* _SOURCE RECORDS_
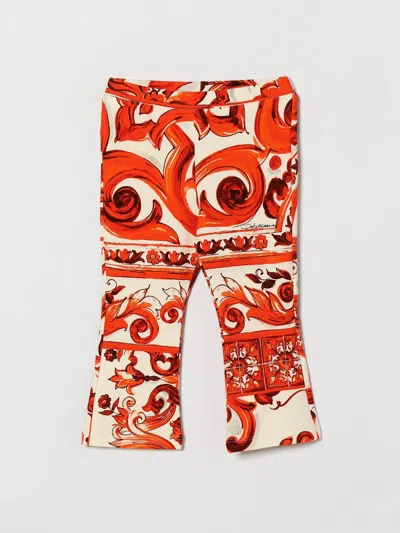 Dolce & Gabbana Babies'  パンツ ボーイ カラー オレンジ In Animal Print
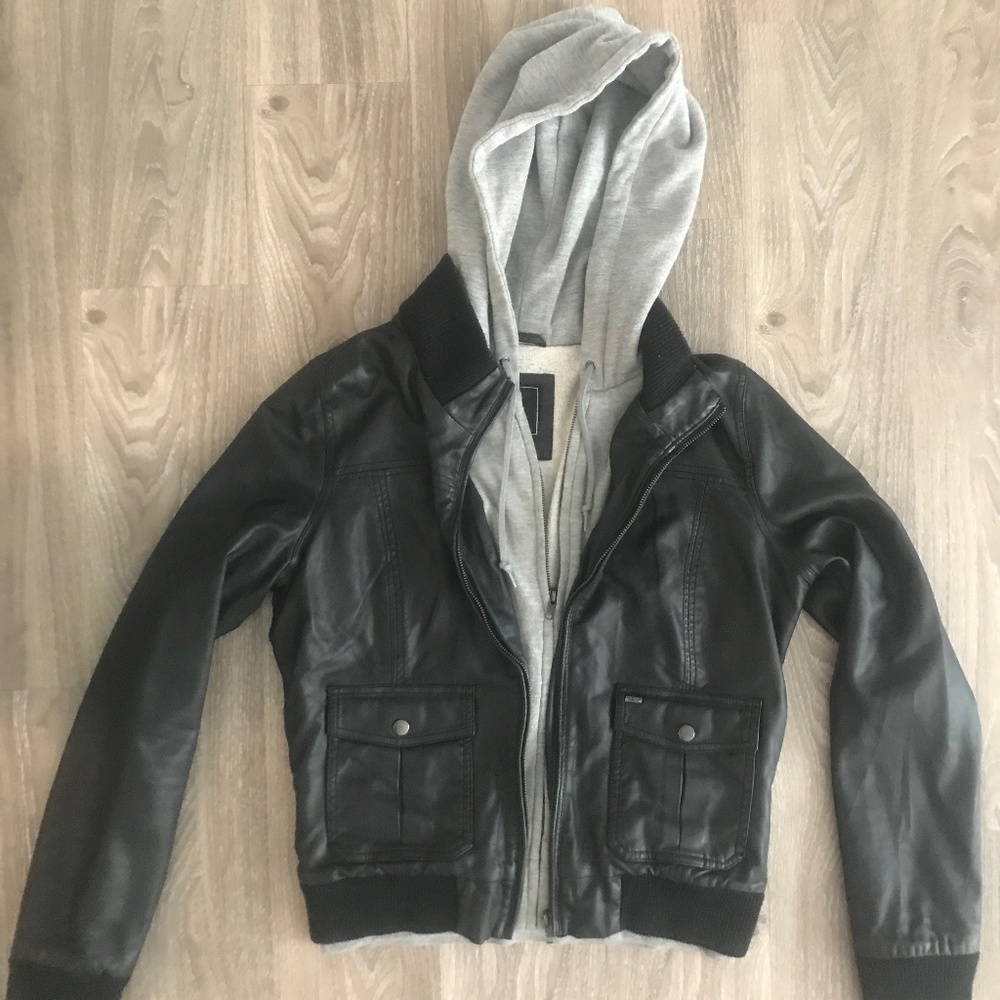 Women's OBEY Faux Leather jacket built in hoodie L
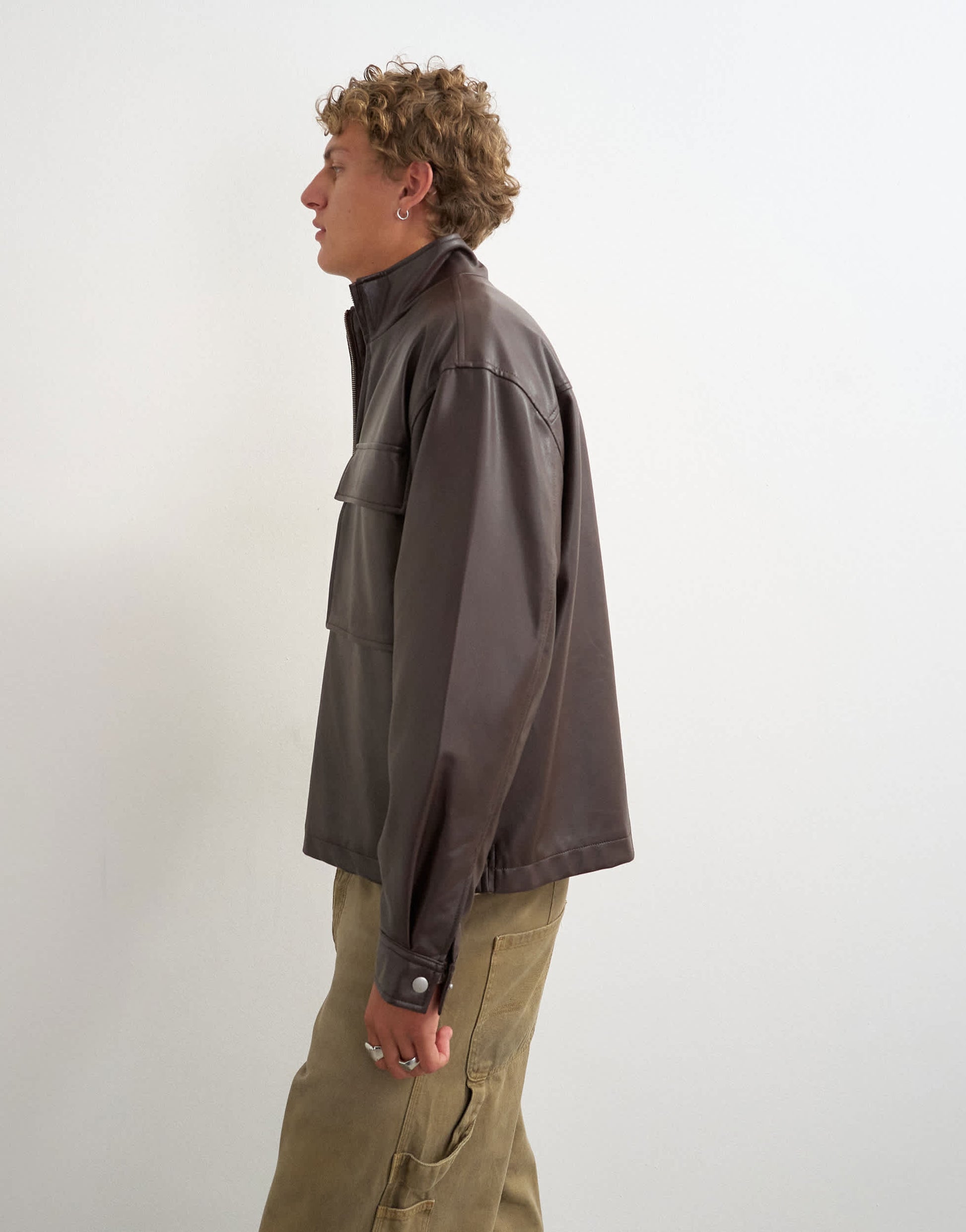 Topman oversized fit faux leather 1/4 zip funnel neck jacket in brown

--

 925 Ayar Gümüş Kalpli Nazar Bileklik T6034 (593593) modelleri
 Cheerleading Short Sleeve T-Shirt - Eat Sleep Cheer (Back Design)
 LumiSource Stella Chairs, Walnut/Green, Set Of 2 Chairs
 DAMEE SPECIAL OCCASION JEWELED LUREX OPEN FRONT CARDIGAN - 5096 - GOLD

==

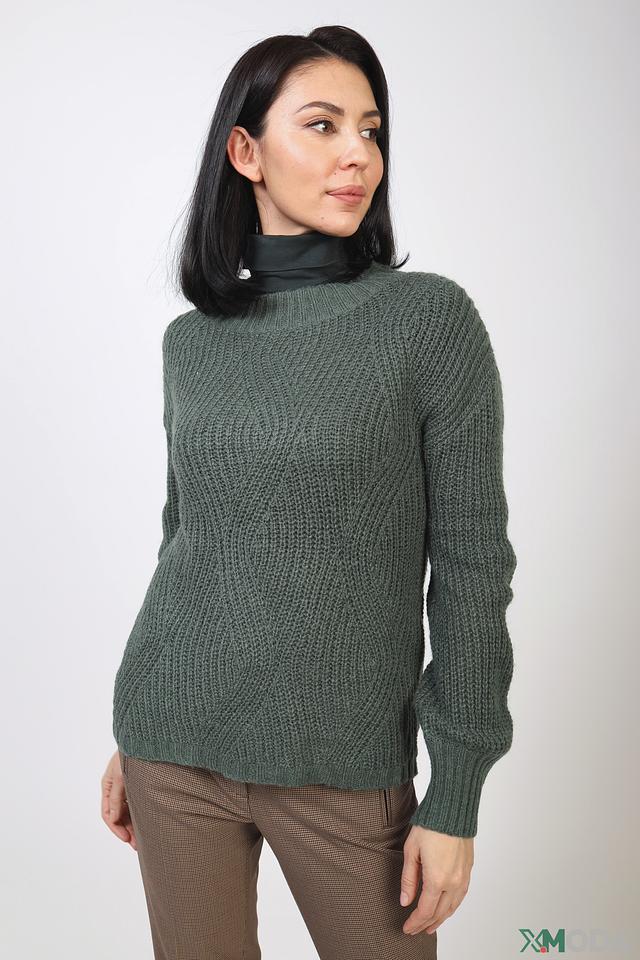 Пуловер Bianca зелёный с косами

* _PROBLEM REQUIREMENTS_
Starting at the line above that has "Dolce & Gabbana" and ending at the line that has "Topman oversized fit", copy each line exactly, leaving the pictures out and adding nothing.

* _EXERCISE SOLUTION_
 Dolce & Gabbana Babies'  パンツ ボーイ カラー オレンジ In Animal Print
 Women's OBEY Faux Leather jacket built in hoodie L
 Topman oversized fit faux leather 1/4 zip funnel neck jacket in brown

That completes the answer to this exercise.